When a line in the entries contains the word "Well", copy that line in full.

» INPUT DATA
= = = = =

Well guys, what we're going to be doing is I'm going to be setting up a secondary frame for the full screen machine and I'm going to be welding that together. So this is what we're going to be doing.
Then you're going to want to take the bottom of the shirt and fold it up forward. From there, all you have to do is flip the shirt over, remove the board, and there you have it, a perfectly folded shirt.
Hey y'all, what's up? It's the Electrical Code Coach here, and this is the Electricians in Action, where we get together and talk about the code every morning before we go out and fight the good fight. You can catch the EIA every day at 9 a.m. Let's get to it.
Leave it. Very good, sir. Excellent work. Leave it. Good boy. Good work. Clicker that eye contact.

= = = = =

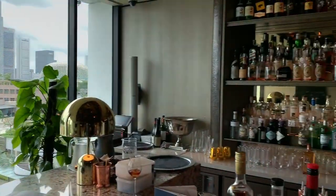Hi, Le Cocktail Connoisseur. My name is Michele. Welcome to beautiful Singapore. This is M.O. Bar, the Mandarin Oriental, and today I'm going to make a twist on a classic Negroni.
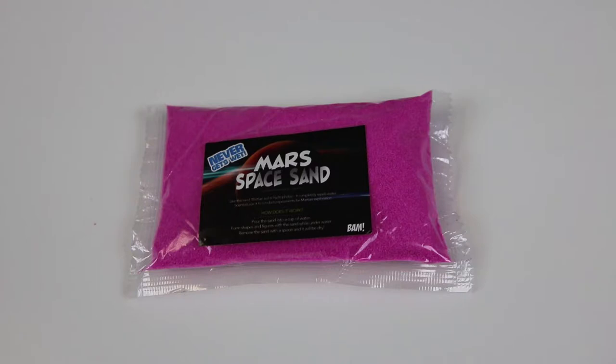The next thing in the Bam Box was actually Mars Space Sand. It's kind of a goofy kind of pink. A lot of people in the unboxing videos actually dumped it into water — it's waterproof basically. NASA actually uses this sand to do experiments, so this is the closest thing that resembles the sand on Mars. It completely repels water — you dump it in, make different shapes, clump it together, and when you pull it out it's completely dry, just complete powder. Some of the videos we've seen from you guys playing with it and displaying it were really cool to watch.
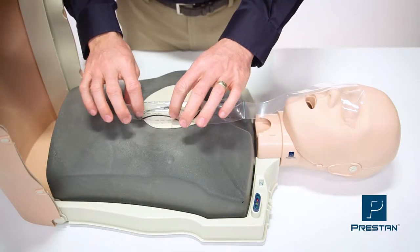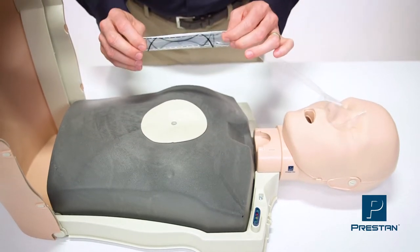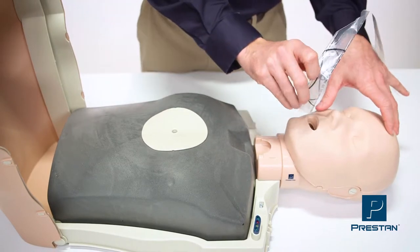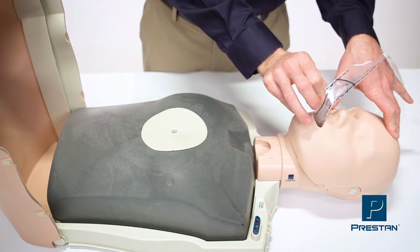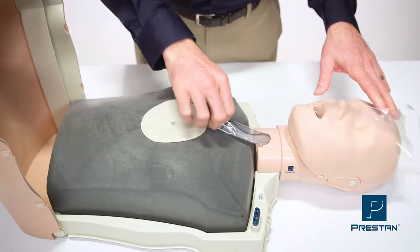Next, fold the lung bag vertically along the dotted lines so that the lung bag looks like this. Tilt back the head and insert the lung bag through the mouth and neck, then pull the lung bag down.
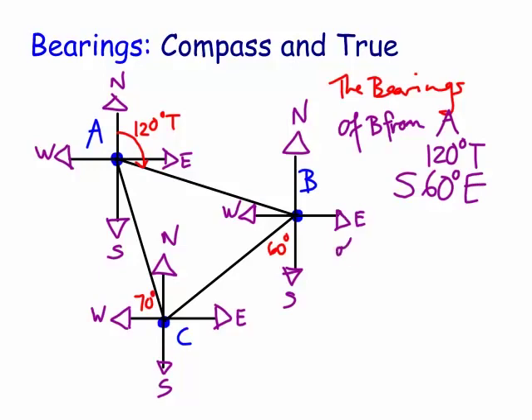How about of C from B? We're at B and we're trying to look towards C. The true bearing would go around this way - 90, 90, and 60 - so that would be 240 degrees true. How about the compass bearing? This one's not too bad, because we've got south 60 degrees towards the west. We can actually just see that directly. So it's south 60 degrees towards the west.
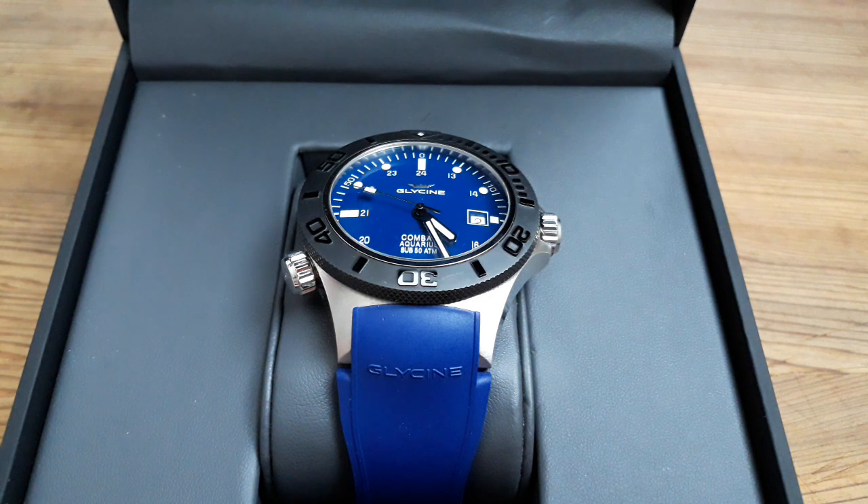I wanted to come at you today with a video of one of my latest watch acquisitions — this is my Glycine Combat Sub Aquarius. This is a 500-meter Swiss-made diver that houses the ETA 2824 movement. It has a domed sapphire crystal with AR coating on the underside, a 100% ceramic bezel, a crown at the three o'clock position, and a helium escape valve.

= = = = =

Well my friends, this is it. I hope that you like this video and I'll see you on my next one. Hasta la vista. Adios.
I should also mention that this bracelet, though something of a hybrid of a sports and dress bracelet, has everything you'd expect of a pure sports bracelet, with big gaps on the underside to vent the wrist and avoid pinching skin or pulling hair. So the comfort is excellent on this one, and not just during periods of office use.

= = = = =

» RESULT OF THIS TASK
Well guys, what we're going to be doing is I'm going to be setting up a secondary frame for the full screen machine and I'm going to be welding that together. So this is what we're going to be doing.
Well my friends, this is it. I hope that you like this video and I'll see you on my next one. Hasta la vista. Adios.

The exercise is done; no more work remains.